Bangladesh seeks extended oil credit from Saudi Arabia
Cash-strapped Bangladesh asked Saudi Arabia for extended credit on oil supplies, Dhaka's foreign ministry said, as the South Asian nation grapples with dwindling foreign exchange reserves.
Saudi Arabia supplies more than half of Bangladesh's crude imports, but Bangladesh has been hit hard by the global surge in energy and food prices following Russia's invasion of Ukraine.
At the same time the taka has depreciated about 25 percent against the US dollar, driving up costs for petrol distributors and power utilities that have rippled across the rest of the economy.
Nationwide blackouts of up to 13 hours a day hit the electricity grid last year and the government offered food relief for households unable to afford rice and other staples.
In a meeting Wednesday with Riyadh's ambassador, foreign minister A.K. Abdul Momen asked Saudi Arabia to consider supplying crude and refined oil "on a deferred payment basis", the foreign ministry said in a statement.
The economic strains come with a general election due by next January.
The opposition Bangladesh Nationalist Party has blamed the government for the crisis, accusing it of squandering cash on multibillion-dollar vanity projects.
It has organised a series of rallies demanding Prime Minister Sheikh Hasina's resignation and an early poll under a neutral administration.

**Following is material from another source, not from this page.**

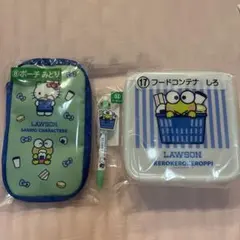 ローソンサンリオくじ けろっぴ3点セット(ポーチ、ボールペン、フードコンテナ)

Authorities hiked retail electricity prices by five percent Tuesday, the second such increase in three weeks, while gas prices for generators were raised by an eye-watering 178 percent last month.
On Monday, the International Monetary Fund signed off on a $4.7 billion support package for Bangladesh.
The South Asian country's foreign exchange reserves have dropped from $46 billion in January last year to $32 billion at the end of last month.
Bangladesh's official inflation rate is around 8.7 percent but independent economists say the true figure is substantially higher.